I want to use sklearn for pca analysis (then regression and kmeans clustering). I have a dataset with 20k features, 2000k rows. However for each row in the dataset only a subset (typically any 5 or so of the 20k) of features have been measured.

How should I pad my pandas dataframe / setup sklearn so that sklearn not use features for the instances where the value has not been measured? (eg if I set null feature values to 0.0 would this distort the outcome?).

eg:

X = array[:,0:n]
Y = array[:,n]
pca = PCA()
fit = pca.fit(X)

If the dataset is padded with zeros for most feature values - then will pca be valid?

1
what are the features and why are then null? if they're like term frequencies from a text document then they should be zero not null; this is still a fine scenario for PCA; if they're some continuous values from sensors, then maybe you want to impute themmaxymoo
the features are physical analyses consisting of a single float value for each analysis type (eg hardness, element concentration, colour etc..) but for each row most only some are measured.
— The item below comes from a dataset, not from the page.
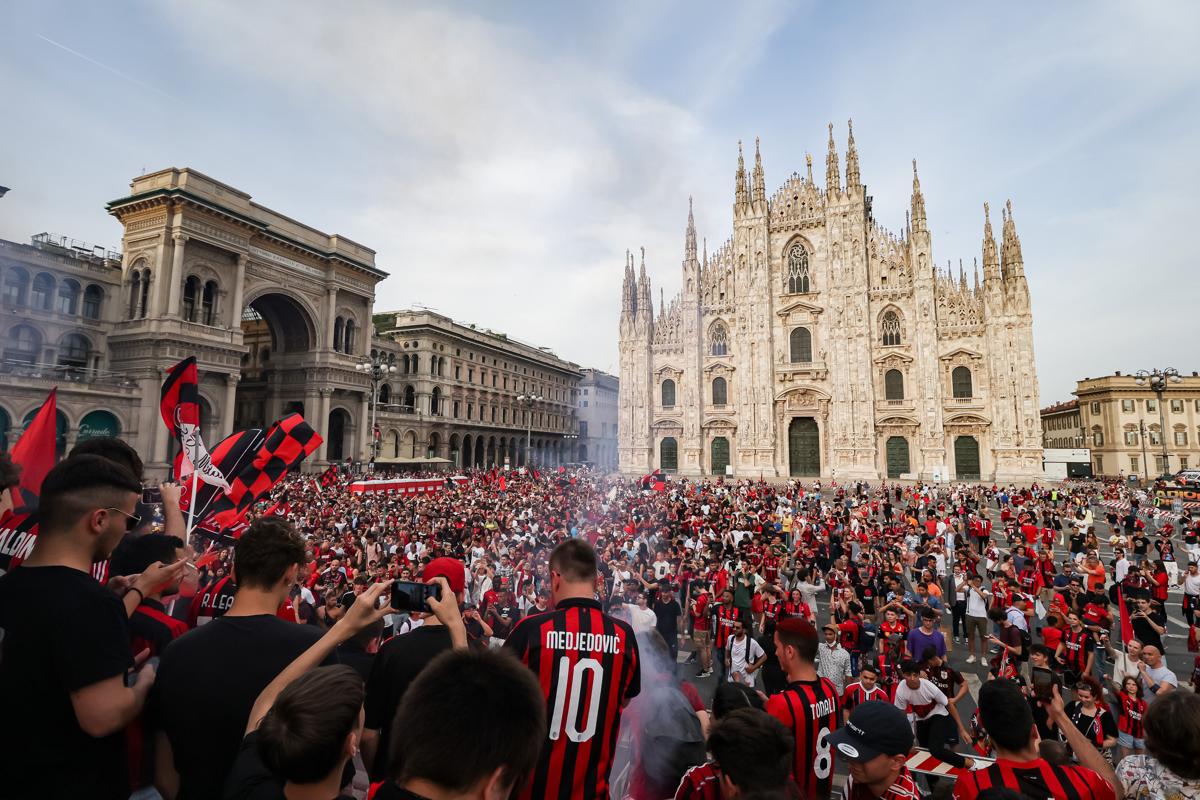 Milan scudetto Festa Milano piazza duomo 4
The values cannot be imputed.Don Smythe
well sklearn can't deal with data containing nulls, so you'll have to do something with them ... if you set them to zero when they wouldn't have been zero if you'd measured them, then yes it will definitely distort the outcome. maybe you could use a decision trees to impute the null values?maxymoo
What do your features represent ?MMF
Its probably not going to solve your problem, but you could use TruncatedSVD, another PCA-like decomposition method that accepts sparse inputs. It would work with your data, but it probably wont do what you expect.Imanol Luengo

1 Answers

1
votes

I see 3 options, however none is a solution for your problem:

1) You replace the null values by 0, but that will definetly worsen your results;

2) You replace the unknown values with the mean or median of each feature, this migth be better, however it will still give you a distorted PCA;

3) Last option don't use PCA and search for dimensionality reduction techique for sparse data.